▶ **DESCRIPTION OF THE TASK**: Please transcribe the entries exactly and omit the images they contain.

▶ **DATA FOR REVIEW**:
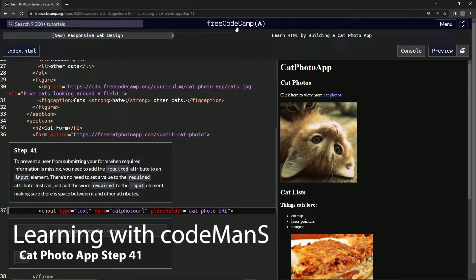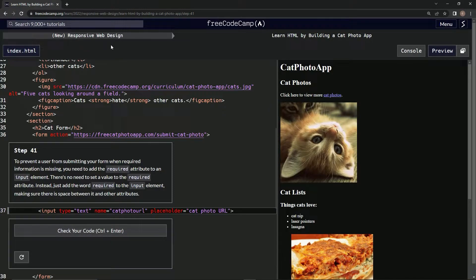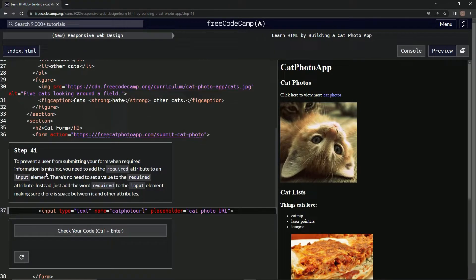We're doing freeCodeCamp's new responsive web design — learn HTML by building a cat photo app. This is step 41. To prevent a user from submitting our form when required information is missing, we need to add the required attribute to an input element.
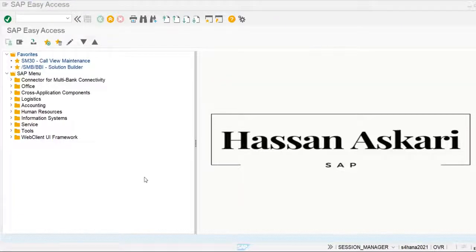Today we are going to discuss field status variants and posting keys. Posting keys and field status variants are control indicators used in financial document posting. When we are posting any financial document, we are debiting any customer, vendor, or general ledger account, or creating some customer, vendor, or general ledger account. For debiting or creating any customer, vendor, or general ledger account, we use posting keys.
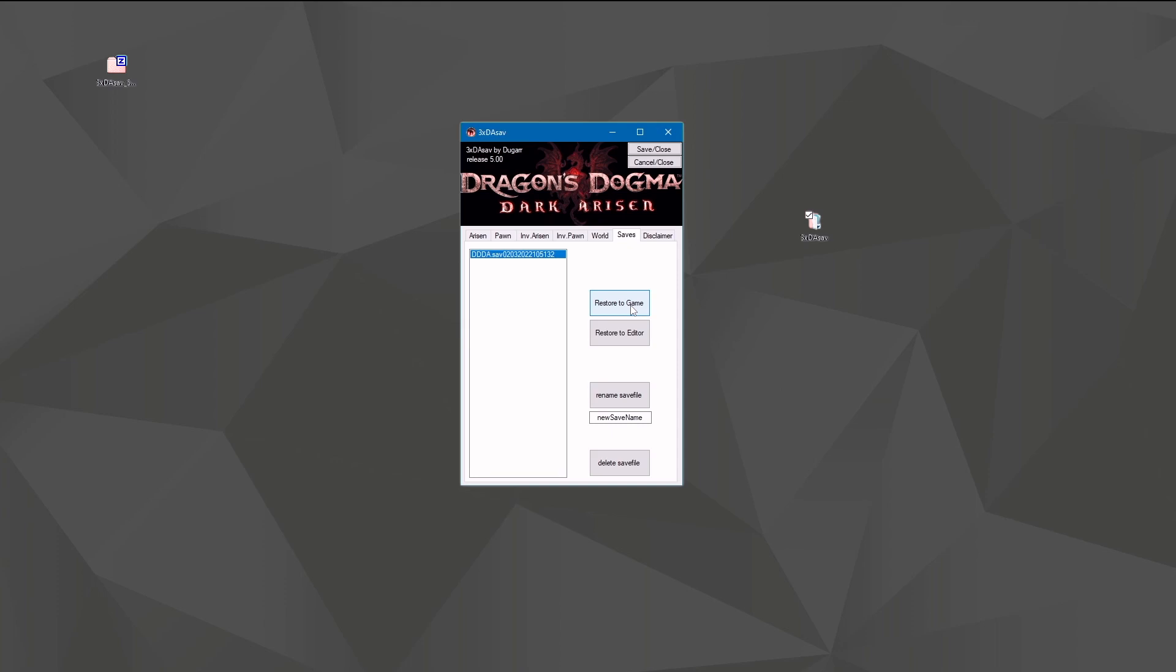If you use 'Restore to Editor,' you just get your save file back into the editor to see what you exactly have in there. If you then put 'Cancel and Close,' nothing will change. Only if you say 'Save and Close' will it be written back to the game.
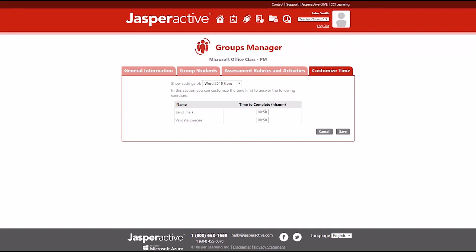Click in the Time to Complete field for the exercise or exercises you want to modify. Then enter the amount of time you want to allow.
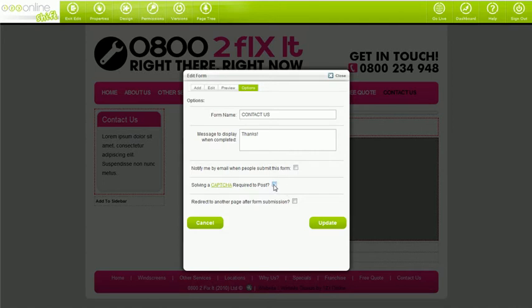The thank you message for your visitors and you'll be able to enable capture which reduces spam. Clients who have not purchased the form builder will only have access to the options tab. If having the ability of creating your own forms is important to you, make sure you purchase the form builder from the apps marketplace.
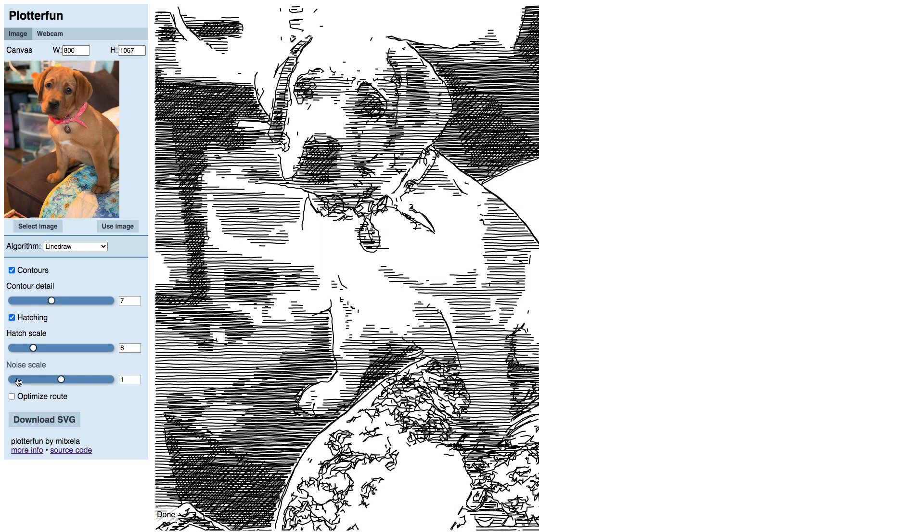I hope you have enjoyed learning about this new tool and how to use it with your Cricut or Silhouette. Please see this video's description for the link to PlotterFun and any other sites I have mentioned, plus related resources such as other photo-to-sketch conversion techniques.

▶ **TASK SOLUTION**:
We're doing freeCodeCamp's new responsive web design — learn HTML by building a cat photo app. This is step 41. To prevent a user from submitting our form when required information is missing, we need to add the required attribute to an input element.
Today we are going to discuss field status variants and posting keys. Posting keys and field status variants are control indicators used in financial document posting. When we are posting any financial document, we are debiting any customer, vendor, or general ledger account, or creating some customer, vendor, or general ledger account. For debiting or creating any customer, vendor, or general ledger account, we use posting keys.
If you use 'Restore to Editor,' you just get your save file back into the editor to see what you exactly have in there. If you then put 'Cancel and Close,' nothing will change. Only if you say 'Save and Close' will it be written back to the game.
Click in the Time to Complete field for the exercise or exercises you want to modify. Then enter the amount of time you want to allow.
The thank you message for your visitors and you'll be able to enable capture which reduces spam. Clients who have not purchased the form builder will only have access to the options tab. If having the ability of creating your own forms is important to you, make sure you purchase the form builder from the apps marketplace.
I hope you have enjoyed learning about this new tool and how to use it with your Cricut or Silhouette. Please see this video's description for the link to PlotterFun and any other sites I have mentioned, plus related resources such as other photo-to-sketch conversion techniques.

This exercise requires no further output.